Jim Harrison a dit (2) :
La poésie
"Son obsession la plus glaçante, qui durait depuis un demi-siècle, c'était d'être esclave du langage. Il avait lu Keats à quatorze ans et le couperet était tombé. La poésie devint sa drogue, il perdit sa liberté. (...) Quand il se mit à écrire aussi de la prose, il eut d'abord le sentiment de commettre un adultère.
Quand on se prétend poète, on ne peut pas couiner comme une petite souris ou marcher en minaudant comme une prostituée japonaise. Le problème, c'est qu'il faut se considérer comme un poète avant même d'avoir écrit la moindre chose digne d'être lue et, à force d'imagination, garder ce ballon égotique en état de vol.
René Char, un poète français qu'il adorait, avait dit à propos de la poésie : "Il faut être là quand le pain sort tout chaud du four." Il devait organiser sa vie pour être prêt à tout moment à recevoir le poème, quand bien même sa venue mettrait un mois ou deux.
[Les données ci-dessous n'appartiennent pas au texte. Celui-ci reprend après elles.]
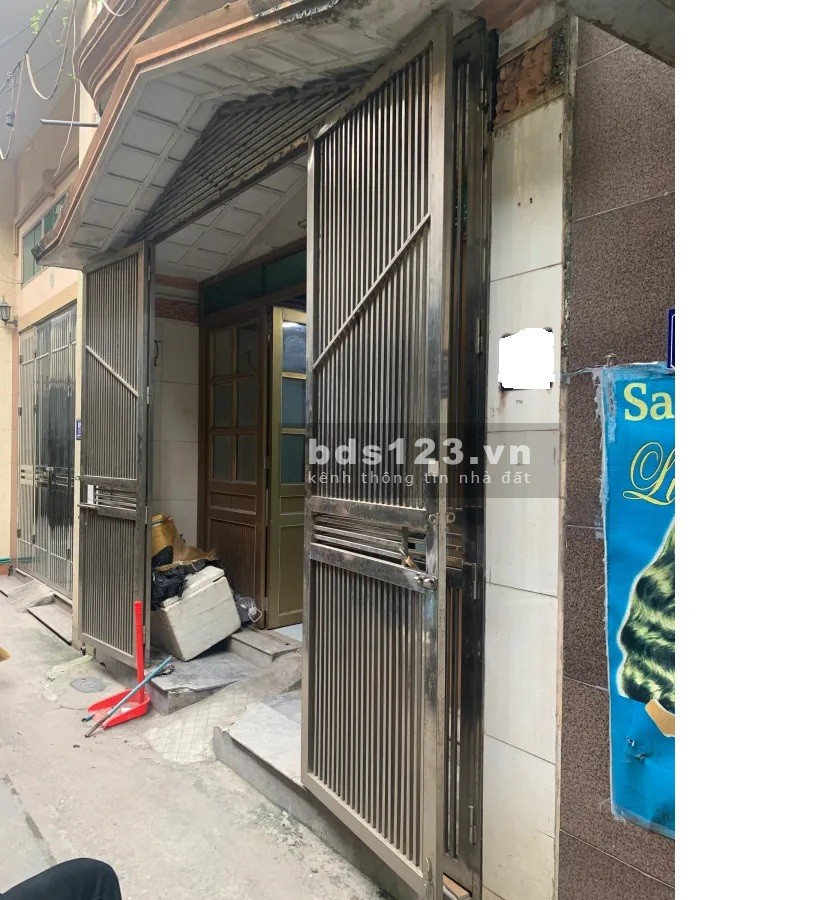 BÁN NHÀ ĐẸP NGỌC HỒI THANH TRÌ, NGÕ THÔNG Ô TÔ ĐỖ CÁCH 3 BƯỚC CHÂN, 45M, 5 TẦNG, GIÁ CHỈ CÓ 5.3 TỶ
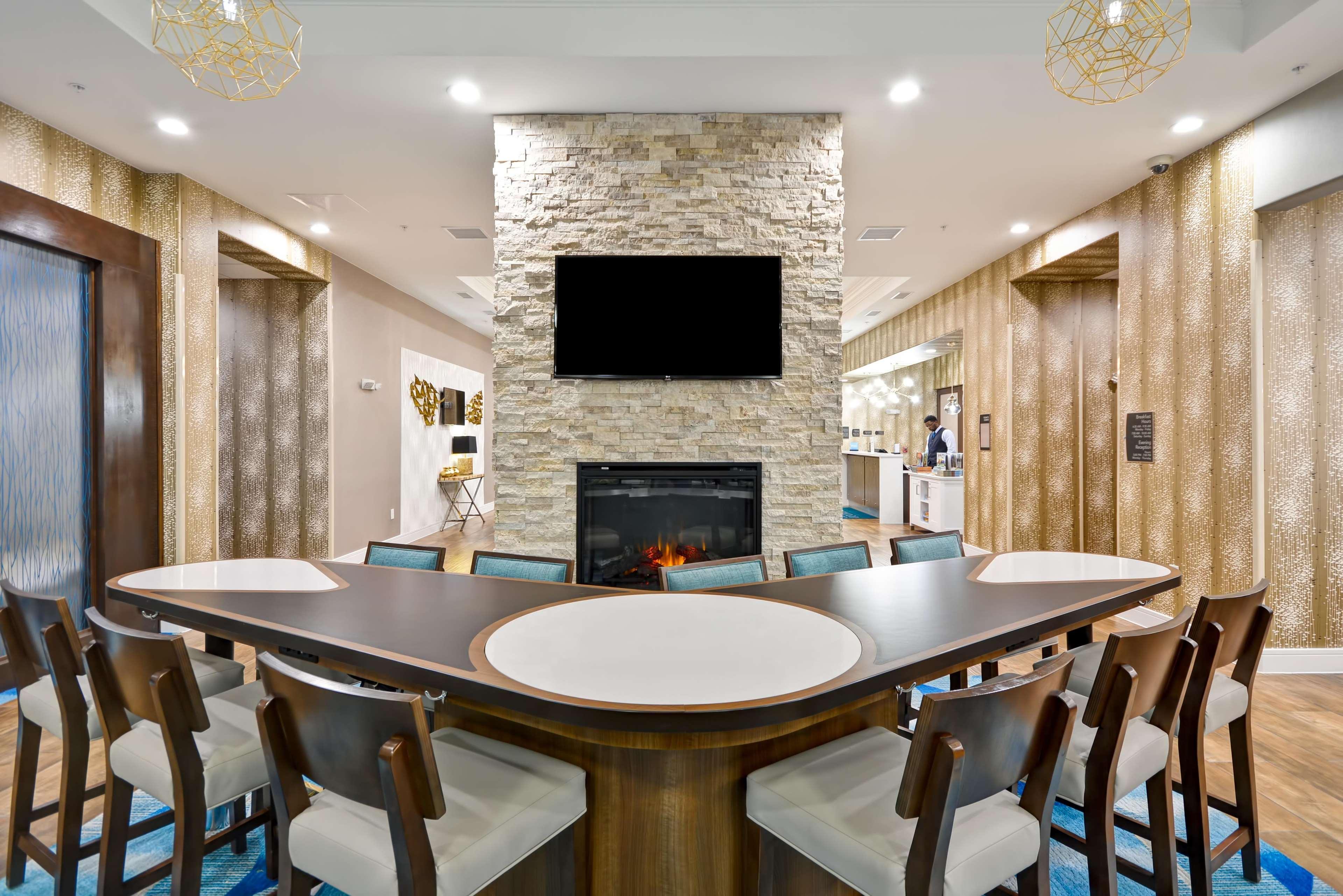 Homewood Suites By Hilton Galveston Kültér fotó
La poésie a parfois ce genre d'effet. Soit on se retrouve au septième ciel, soit on barbote en pleine dépression. On pond un premier vers formidable, mais la pensée n'est pas assez puissante pour en enchaîner d'autres, et, au beau milieu de la création, les mots s'ennuient et se font la guerre. Nos carnets sont remplis de ces fragments, le shrapnel de nos intentions. La vie est pingre en conclusions.
Les comportements extrêmes constatés chez les poètes s'expliquent sûrement par ces tensions. Quand l'esprit passe autant de temps dans la fièvre, il crée certains dérangements."
Jim Harrison, Le Vieux Saltimbanque, éditions Flammarion, 2016.